Panzanella (Italian Tomato-Cucumber Salad)

Panzanella (Italian Tomato-Cucumber-Bread Salad)

You’ve heard of panzanella, right? That oh so delicious  salad celebrating tomatoes when they’re bursting on the vines–even more handy to have in your recipe repertoire  when you’ve a loaf of slightly stale Artisan bread that’s begging to be utilized? But what about Pastazanella?

I just made a big batch, and I’m pretty sure you’ve never heard of that. Pastazanella is a recipe that has–up until this moment–never been recorded,  a dish even unknown to the ubiquitous  Google-bots. It’s like discovering a new star in the solar system!

These three new small pasta shapes are ideal for entertaining.

Wish I could lay fame to the pasta, as well, but credit goes to Al Dente Pasta, which has a new line of 3 Piccolo Pastas. The Bonnetti (little bonnets) is what I substituted for the bread in my Pastazanella that yields absolutely delicious results.

Cut tomatoes and cucumbers into pieces roughly the size of the “bonnets”.

Traditional panzanella is delish hot off the press. But after it sits around, the bread–even with a prior toasting– gets a bit mushy for my palate. It reminds me of the milk toast  forced down me when I had a tummy ache as a tot. Not so Bonnetti, the perfect choice for Pastazanella after cooking the pasta five minutes to perfection.

Today requests a salad for a family reunion that will serve as a side for smoked chickens, and  thrive under an August sun. The Bonnetti will soak up those yummy tomato juices and the acidity (and lack of mayo)  keeps it “safe” insuring even the weeist of  toddlers won’t suffer.

This new line of Piccola Pasta makes for attractive, toothsome salads that are easy for guests to scoop from the bowl. (So annoying  when  those dangling slivers of fettuccines and spaghettis find their way to the floor, instead of the plate.)

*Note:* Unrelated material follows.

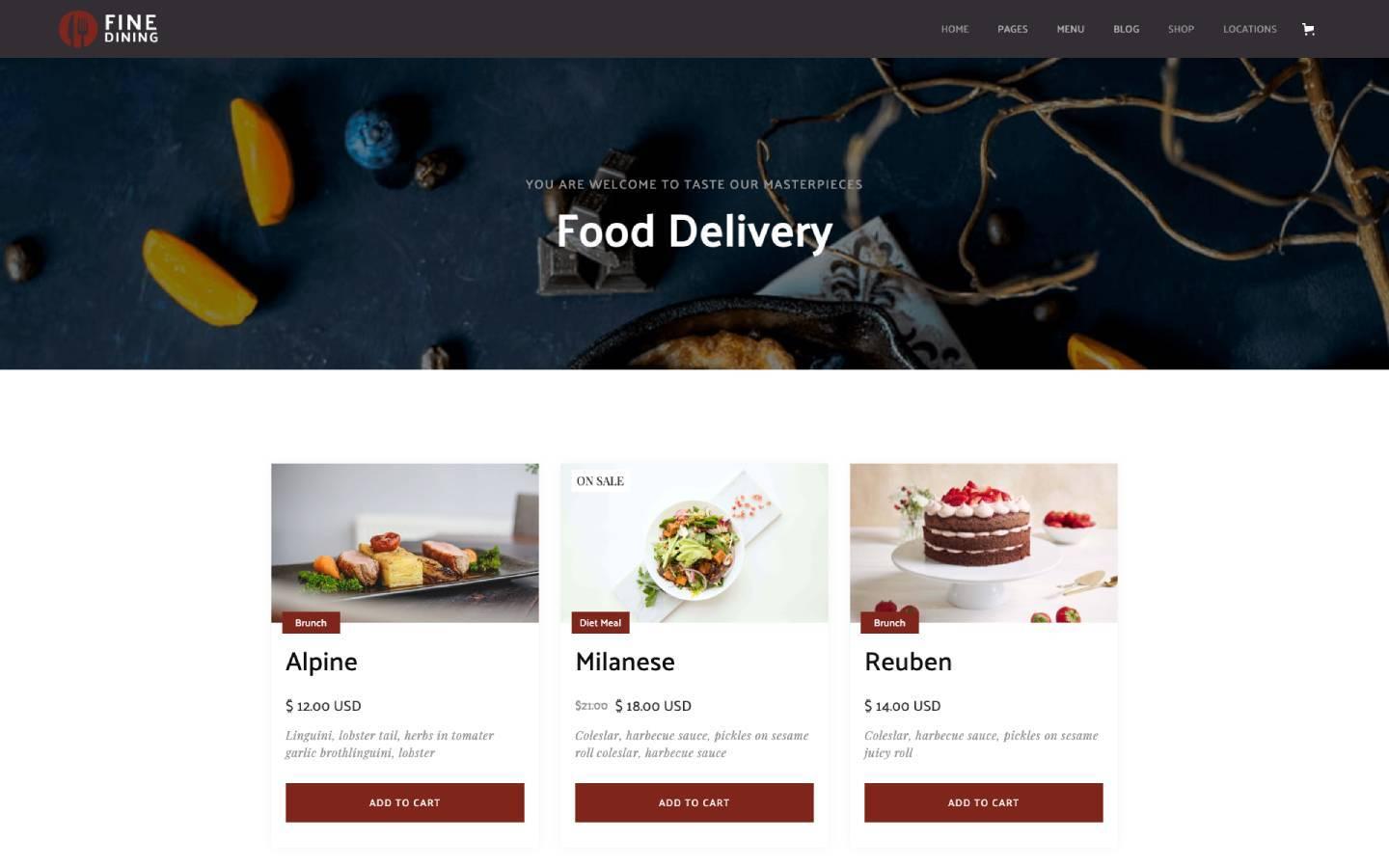 Fine Dining 128 - Restaurant Website Template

Disclosure: Monique and hubby Denny (the owners of Al Dente) have been friends of mine for decades. We got into the pasta business at the same time. In fact, the EXACT same time–1981. She was rolling out sheets of dough uptown at the same time I was extruding them downtown from a pasta machine the size of a Fiat I purchased from Florence. (That’s Florence, Italy, not Alabama). I can vouch that Al Dente Pasta is a delicate yet toothsome pasta like no other on the market–I use it all the time.

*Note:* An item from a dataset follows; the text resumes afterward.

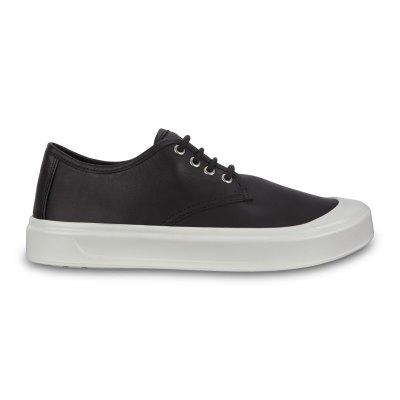 Buty Sportowe Ecco Flexure T-Cap Black - Czarne Sneakersy Damskie PL622031297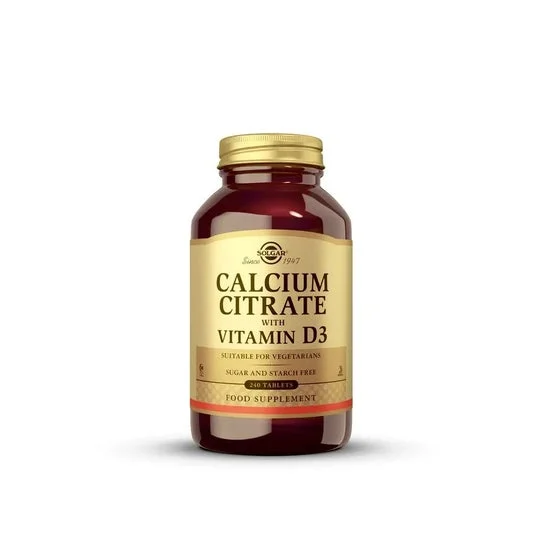 Solgar Citrato di Calcio con Vitamina D3 240 tavolette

I sold my pasta machine along with my business in 2001 (I needed to sit down) and started writing about food–making up characters who were  having even crazier times in the food business than myself. Besides. I was not nearly as successful as the Al Dente folks, whose pastas can be found in groceries and markets across the planet. An additional disclosure– I don’t get paid for writing  food endorsements  I don’t even allow ads and those annoying pop-ups to come near these pages. I just like writing about good food and the good people who enjoy eating it.

Note: After reading this blog my son said a better name for this recipe would be Paztenella. Alas. I just checked and Google  laid stakes into Pastazenella, claiming it as her own.

Have a safe and joyous Labor Day!       Peggy

Recipe: Pastazanella


  • 3 cups (uncooked) Al Dente Bonnetti Pasta
  •  2 tablespoons plus 1/3 cup extra virgin olive oil
  • 1 1/2 tablespoons red wine vinegar
  • 1  teaspoon minced fresh garlic
  • 3 heaping cups of 1/2-inch pieces ripe tomato (1-2 large tomatoes)
  • 2 cups of 1/2-inch pieces seeded cucumber (1 cucumber)
  • 1 (packed) cup coarsely chopped fresh basil
  • 1/3 cup diced red onion
  • Freshly grated Parmesan, as desired
  • Kosher salt and freshly ground pepper, as desired
  • 2 tablespoon capers


  1. In rapidly boiling, salted water, cook pasta for 5 minutes. Drain and toss with 2 tablespoons of the olive oil.
  2. Whisk remaining olive oil, vinegar and garlic together.
  3. Toss pasta into vinaigrette and stir in tomato, cucumbers, basil and onion. Season to taste with Parmesan, salt and pepper. Let pasta salad sit 30 minutes, or so, for the flavors to combine. Sprinkle capers over top before serving.

Cooking & Prep time: 30 minutes (plus time to let the pasta sit)

Number of servings (yield): 4-6 servings (8 packed cups)

Copyright © Peggy Lampman’s dinnerFeed.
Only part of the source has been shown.